Your output should be the lines below from the one with "Other - 2217" through the one with "1165716 Southbend Range Half Grate Top", copied exactly, pictures excluded.

**Records to use:**
%%

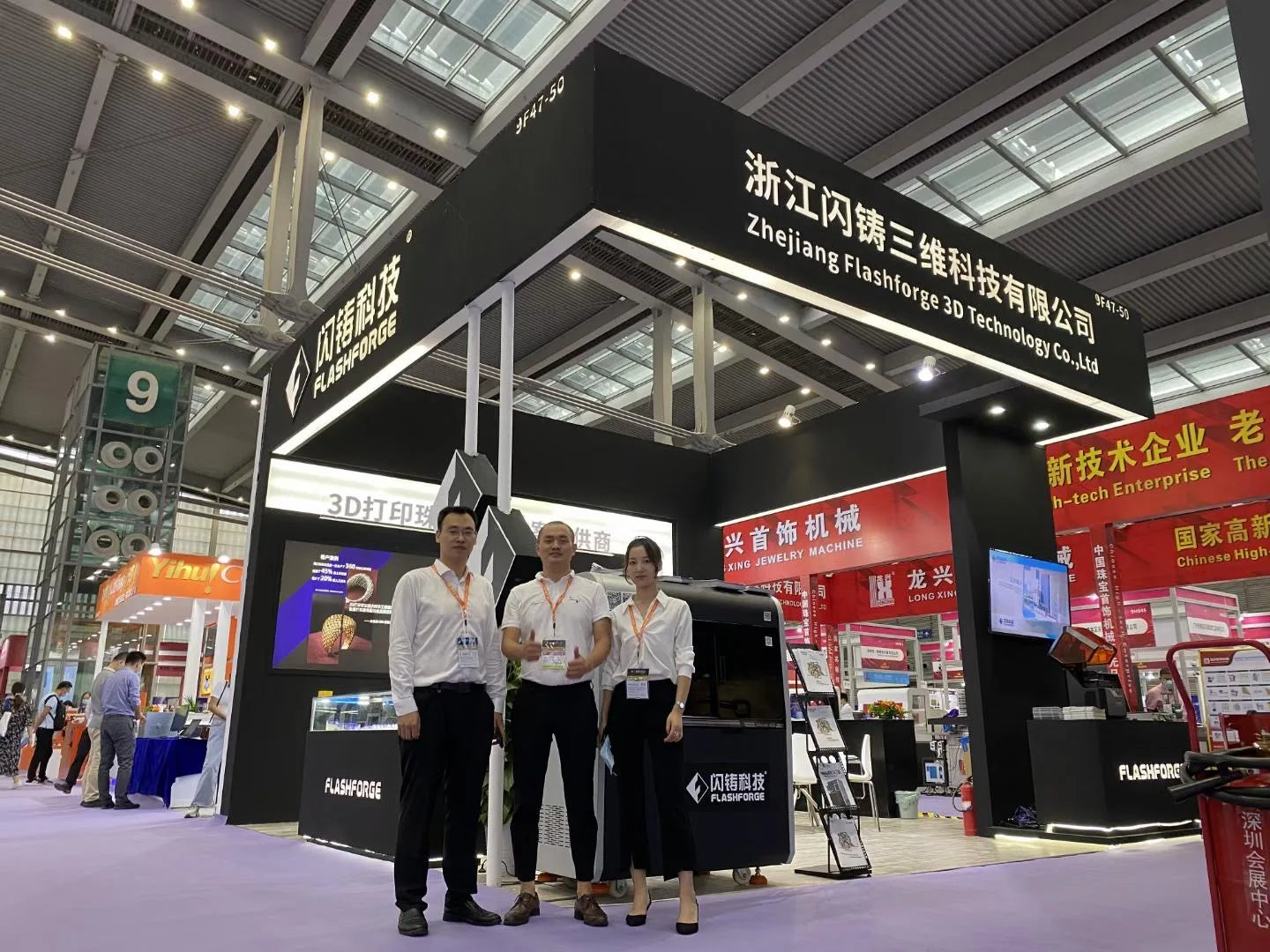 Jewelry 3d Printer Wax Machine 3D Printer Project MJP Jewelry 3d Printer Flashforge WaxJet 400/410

%%
%%

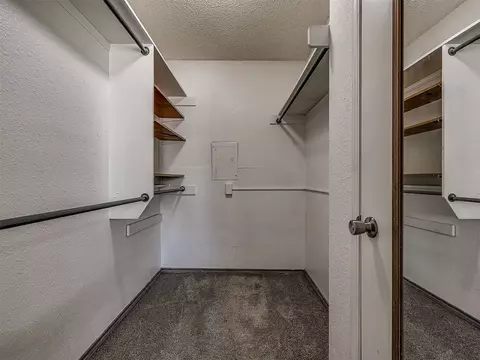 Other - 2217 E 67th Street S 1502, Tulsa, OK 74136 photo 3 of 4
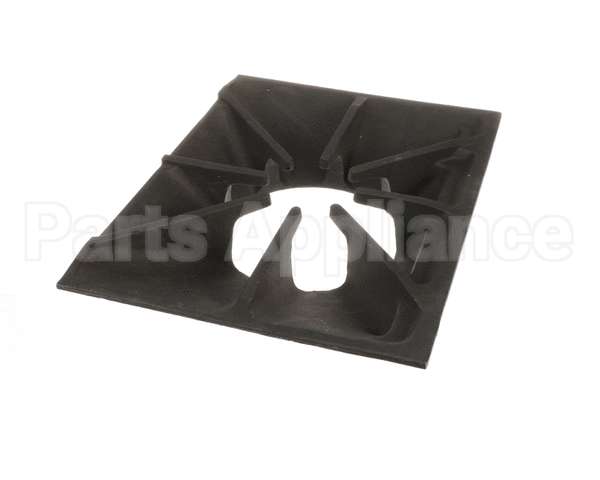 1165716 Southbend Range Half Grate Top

%%
%%

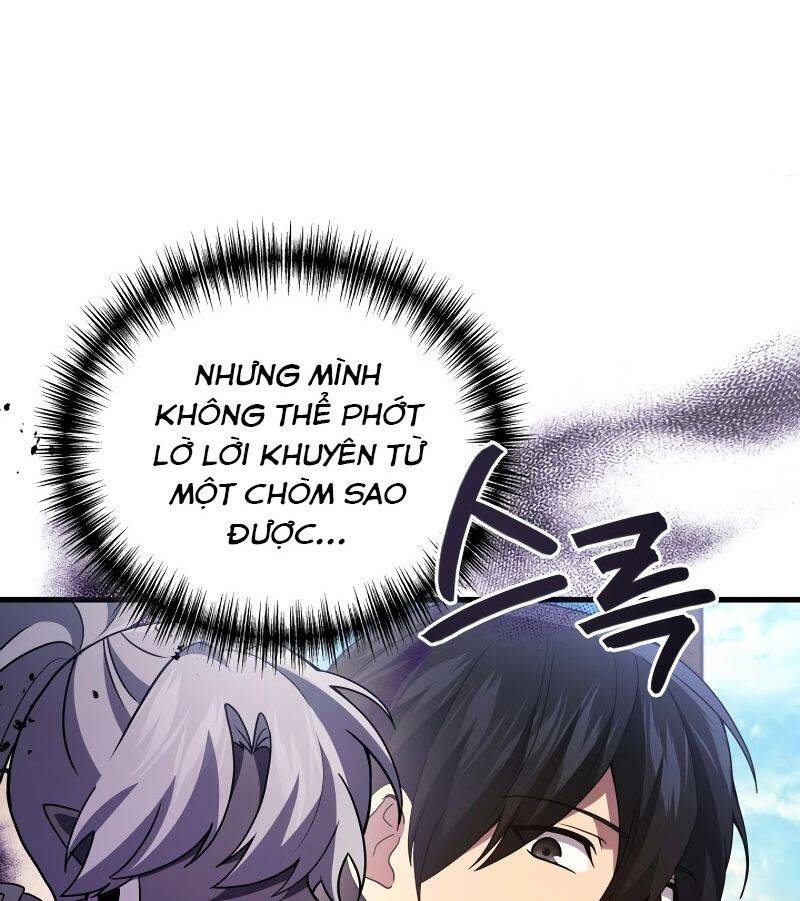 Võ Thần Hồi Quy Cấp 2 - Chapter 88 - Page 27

%%

**Solution to the problem:**
 Other - 2217 E 67th Street S 1502, Tulsa, OK 74136 photo 3 of 4
 1165716 Southbend Range Half Grate Top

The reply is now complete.